How much energy will this take from the kid?

But Din nodded through his doubts and racing thoughts, hoping the Child could sense the movement and know what it meant. He poured all his waning concentration into staying upright, into staying conscious at least long enough to see the cuts fade, to see the color return to Lyrian's cheeks.

Because there was something about her—

Something like the kid—

Something he had to protect if only because he was the only one willing to—

The Child at Lyrian's side closed his eyes then, eyebrows furrowing. Din and Cara watched, neither one breathing, both of them silent as they kneeled under the swirling sky of colors.

Din dared to close his own eyes in the second before the Child began to heal Lyrian, and in that moment he made a promise. It wasn't a promise he could put into words so much as a promise he could feel—something that unconsciously shifted his priorities, his energies, rearranging his life yet again.

But one thing had to happen before he could make good on that promise.

He opened his eyes again and looked at the Child, and the infant must have known Din looked even with his own eyes closed because his ears perked up. Din couldn't hear the sound his tiny charge made—his little mouth opening and closing again like it did when he cooed—but he could have sworn it was a sound of reassurance.

Din carefully took one of Lyrian's still hands in his own, wanting to be able to feel when she became responsive again just in case he wasn't conscious enough to see it happen.

Save her, little one.

He gritted his teeth against a wave of pain.

Because I can't.


A/N: Well. It is a new chapter. What else is it? I'm not sure, but...

Fight Scenes = HARD TO WRITE (but this is a Mando fic, so I guess it's kind of a big deal?)

Clinch-Holds = REAL (I did not make them up...)

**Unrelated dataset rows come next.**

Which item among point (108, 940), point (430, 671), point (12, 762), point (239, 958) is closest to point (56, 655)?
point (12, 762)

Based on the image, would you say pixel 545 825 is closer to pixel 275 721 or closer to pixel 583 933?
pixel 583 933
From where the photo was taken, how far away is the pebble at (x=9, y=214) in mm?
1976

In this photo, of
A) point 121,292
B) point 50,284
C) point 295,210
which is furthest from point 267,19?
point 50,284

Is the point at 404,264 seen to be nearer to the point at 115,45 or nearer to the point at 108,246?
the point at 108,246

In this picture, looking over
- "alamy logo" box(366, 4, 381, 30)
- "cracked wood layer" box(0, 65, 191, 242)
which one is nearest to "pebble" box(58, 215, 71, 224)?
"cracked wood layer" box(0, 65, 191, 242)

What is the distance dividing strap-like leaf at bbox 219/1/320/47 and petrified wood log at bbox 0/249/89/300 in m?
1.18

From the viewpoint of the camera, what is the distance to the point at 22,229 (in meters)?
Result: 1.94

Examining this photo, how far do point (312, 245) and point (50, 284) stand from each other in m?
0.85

My Level of Gratitude Towards Everyone Who Has Stuck With This Story and Enjoyed It So Far Despite Chapters Containing This Kind of Questionable Content: SO HIGH.

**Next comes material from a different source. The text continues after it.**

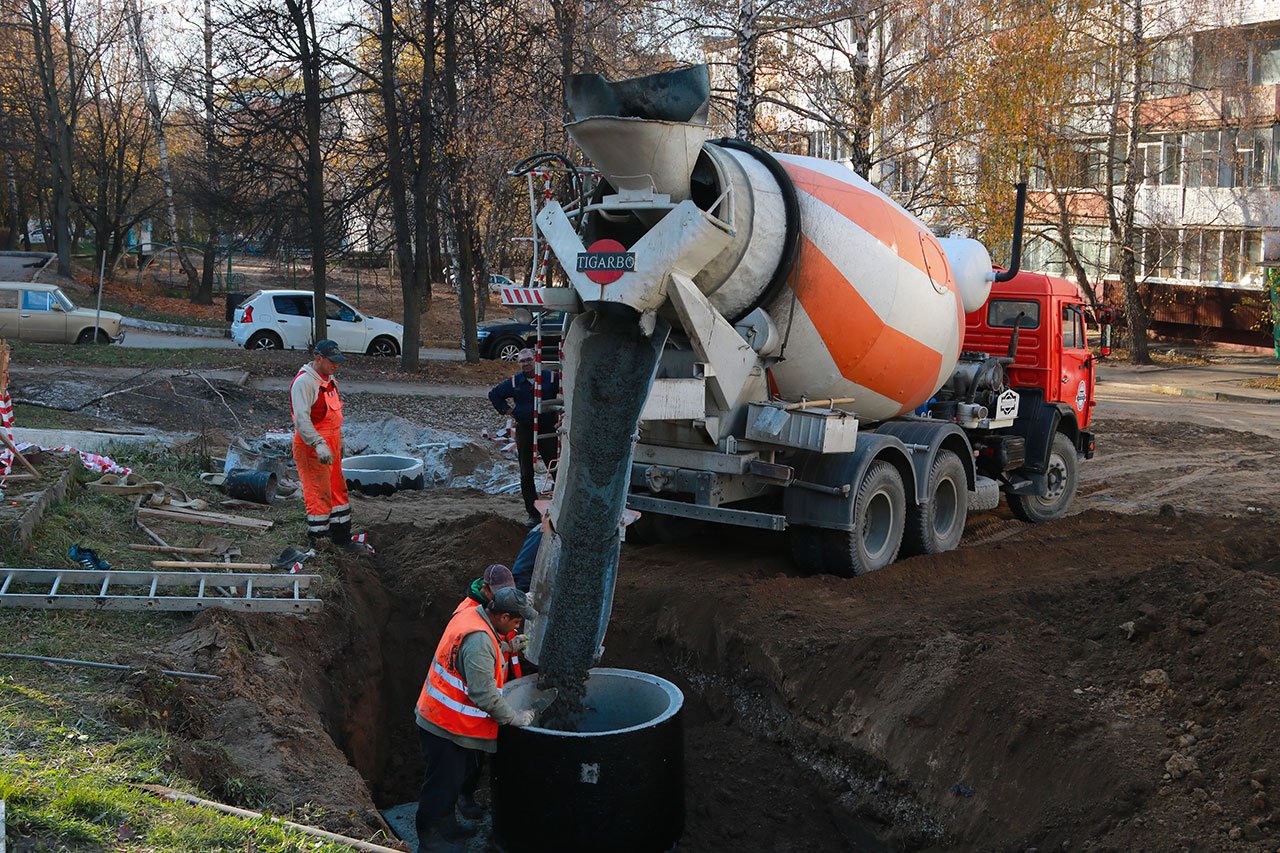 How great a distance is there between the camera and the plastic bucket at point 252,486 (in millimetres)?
9930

Seriously, everyone. Thank you for reading, thank you for your support, thank you for your likes/follows, and tHaNk YoU for just being here for the craziness of this story. You are amazing, and once you leave this page, you BETTER have a good day. Because you need and deserve one. *hug* :)

~Roanoke


"For our struggle is not against flesh and blood, but against the rulers, against the powers, against the world forces of this darkness, against the spiritual forces of wickedness in the heavenly places."